Have you ever wondered how a lender decides whether to approve a loan or not. Well, you’d be right if you thought one of their primary concerns is that a borrower has a regular income sufficient to repay the loan, but is that the only thing they consider?

The short answer is ‘No’. Although most lenders now use computer software that uses mathematical algorithms to compute whether a borrower is a good risk or not, assessment of loan approvals are still fundamentally based on some key principles, which they then verify by collecting additional information from you. These principles can be summarised as follows –


Cashflow. ie, can you repay any loan that you are given?

  1. Do you have a regular / reliable income and what is it?

  2. If employed, on what basis (permanent, contract, casual etc)?

  3. How long have you been employed? Are you on probation?

  4. Do you receive any other types of income?

  5. What are your monthly living expenses? What other regular commitments do you have ?

Character. ie, are you likely to repay any loan that you are given? This can be trickier to ascertain given that lenders probably don’t know you, so they work on the basis that ‘past performance is an indicator of future performance’. They will assess this by reviewing the following from you –

  1. If you’re already a customer of the lender, how have you conducted your accounts with them in the past?

  2. Savings/Cheque accounts – do you have any? Have you have ever been overdrawn on your bank accounts?

  3. Credit cards & other loans – have you made your regular repayments on time in the past? Are you currently up to date with your credit card & loan repayments? Are there any late fees or penalty interest charges on your statements?

  4. What is your credit score? Do you have any defaults on your credit file and what are they?

Collateral. ie, what security are you offering to secure the loan?
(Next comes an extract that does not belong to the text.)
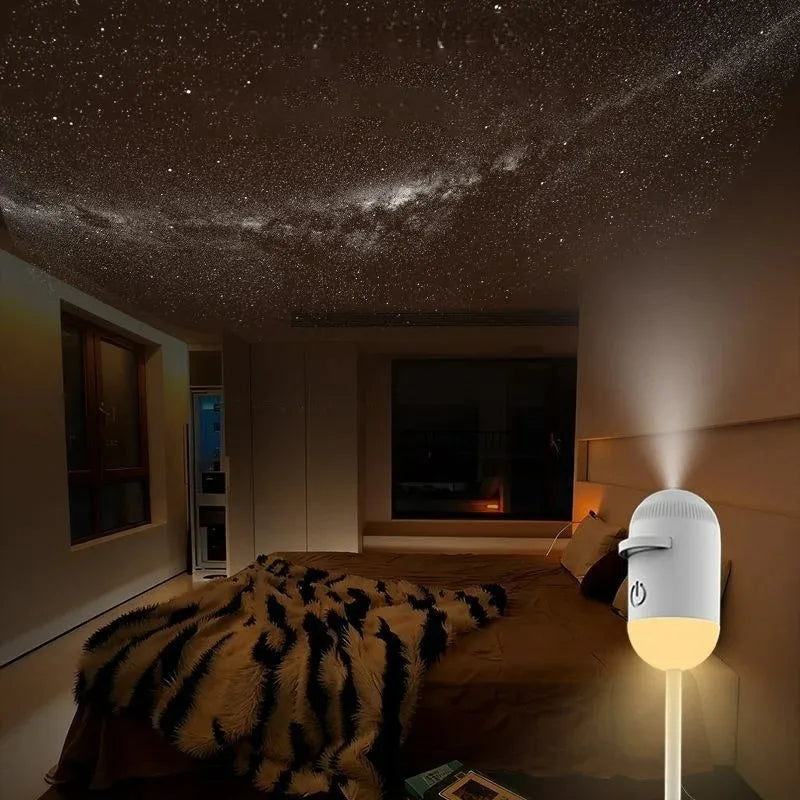 A white projector night light with a rotating starry sky is placed on a bed in a dimly lit room.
  1. Are you contributing any cash up front to the purchase? ie, the more equity you contribute, the more attractive the deal to the lender.

  2. If purchasing real estate, what type of property is it? Is it established, to be constructed or an ‘off the plan’ purchase?

  3. What will the property be used for and where is it located? ie, investment, owner occupied, first home owners, holiday home, serviced apartment etc. This is important as lenders have limits as to how much they will lend (or in fact whether they will lend) dependent on the proposed use & location of the property.

  4. What is the property worth? ie, the lender will conduct a valuation to make sure that the property is worth what you or your contract of sale says it is worth.

Lenders consider all of the above on a ‘big picture’ basis and not any one aspect in isolation. So, if there have been issues with the above, then your Finance Broker can help to explain & mitigate the situation to the lender. Also, it is good to remember that every lender has different policies and a good Finance Broker is a great asset to help find the most appropriate lender for your situation.